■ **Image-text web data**
- - -

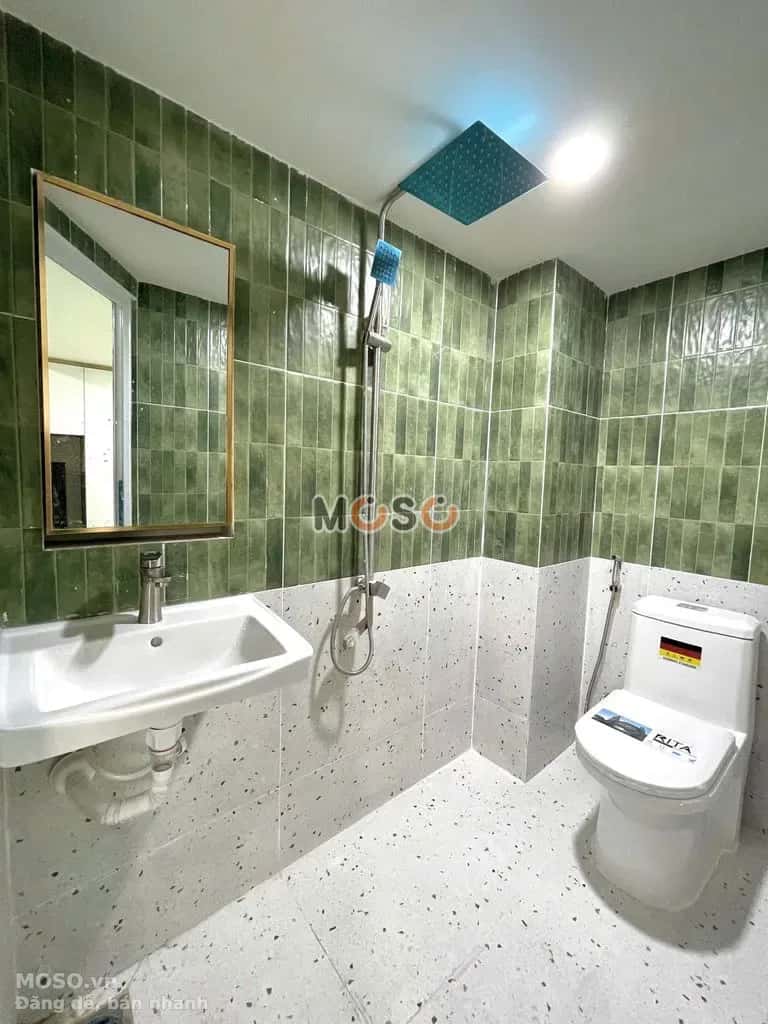 Cho thuê phòng trọ Quốc lộ 1A Quận Bình Tân, TP.HCM – giá 4 triệu - ảnh 4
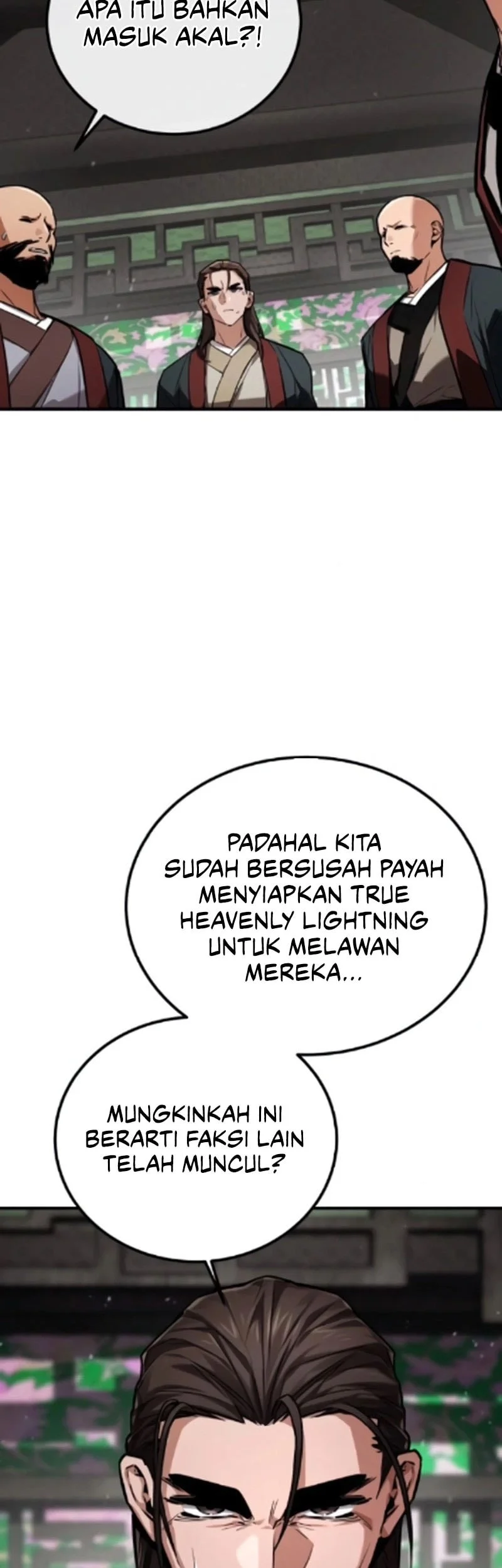 The Demon God Chapter 21 - halaman 9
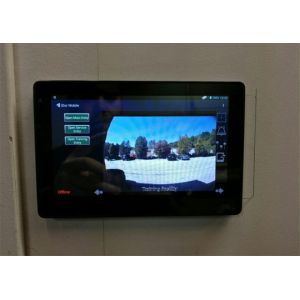 7" and 10" In-Wall PoE Touch Screens Tablets With rooted Android System and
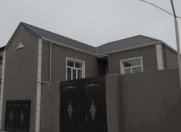 Satılır 3 otaqlı 100 m2 həyət evi Binə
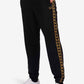 Fred Perry Joggingbroeken  Gold taped track pant - black 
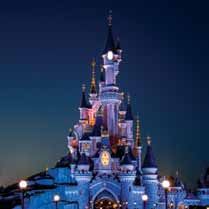 Αεροπορικές εκδρομές 15 ΠΑΡΙΣΙ - DISNEY με 2 διανυκτερεύσεις στη Disney Το πάρκο διαθέτει περισσότερα από 35 θεάματα, πολλά σόου και χώρους παιχνιδιού!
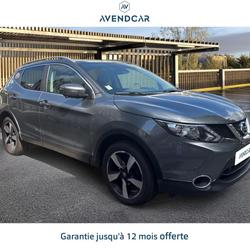 Nissan Qashqai 1.5 dCi 110ch N-Connecta Bruille-lez-Marchiennes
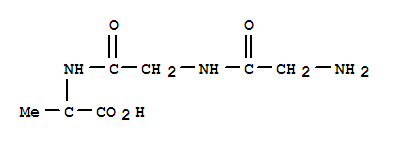 220254-53-5  Alanine, glycylglycyl-,free radical from (9CI)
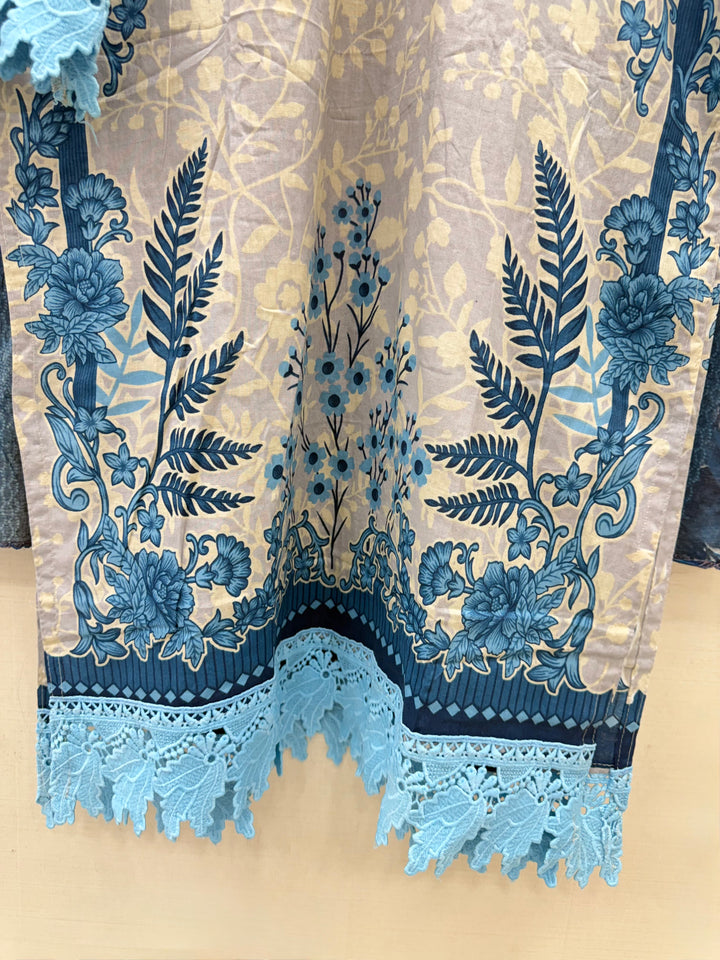 Cotton ready to wear suits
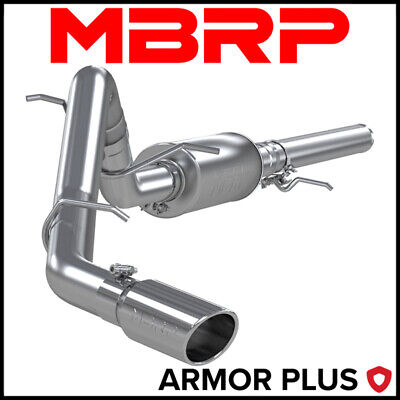 MBRP 14-UP GM 1500 4.3L V6 5.3L V8 3 MBRP 14-UP GM 1500 4.3L V6 5.3L V8 3
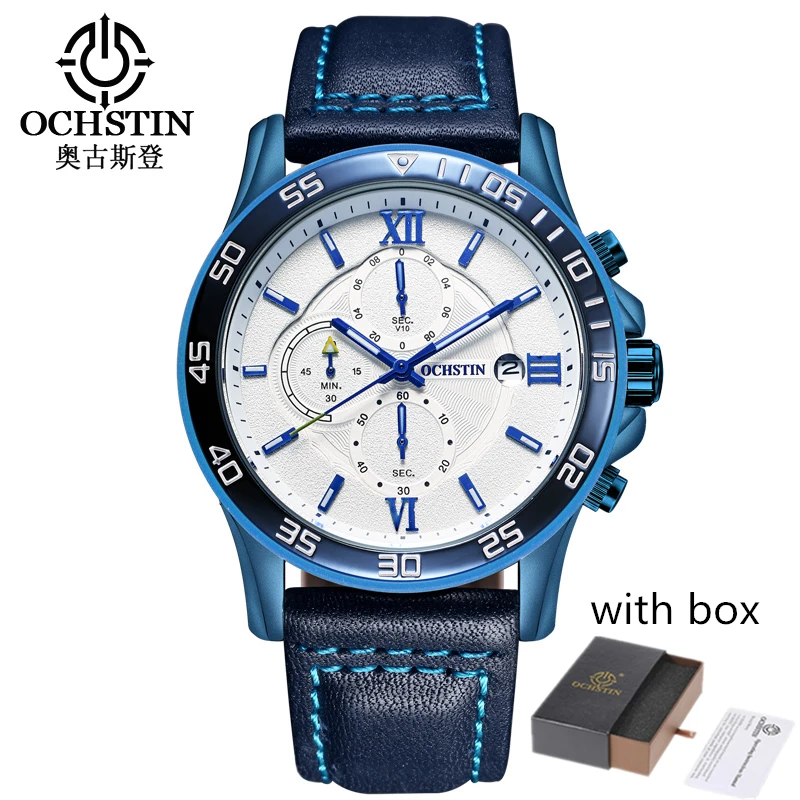 Часы Relojes 2019 мужские модные спортивные кварцевые часы лучший бренд люкс бизнес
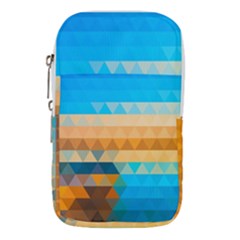 Mosaic  Waist Pouch (Small) from ArtsNow.com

- - -

■ **PROMPT**
Please retype the entries above word for word, but only from the line containing "MBRP 14-UP GM 1500 4.3L V6 5.3L V8 3 MBRP" through the last line, and without the pictures.

■ **RESULT OF THIS EXERCISE**
 MBRP 14-UP GM 1500 4.3L V6 5.3L V8 3 MBRP 14-UP GM 1500 4.3L V6 5.3L V8 3
 Часы Relojes 2019 мужские модные спортивные кварцевые часы лучший бренд люкс бизнес
 Mosaic  Waist Pouch (Small) from ArtsNow.com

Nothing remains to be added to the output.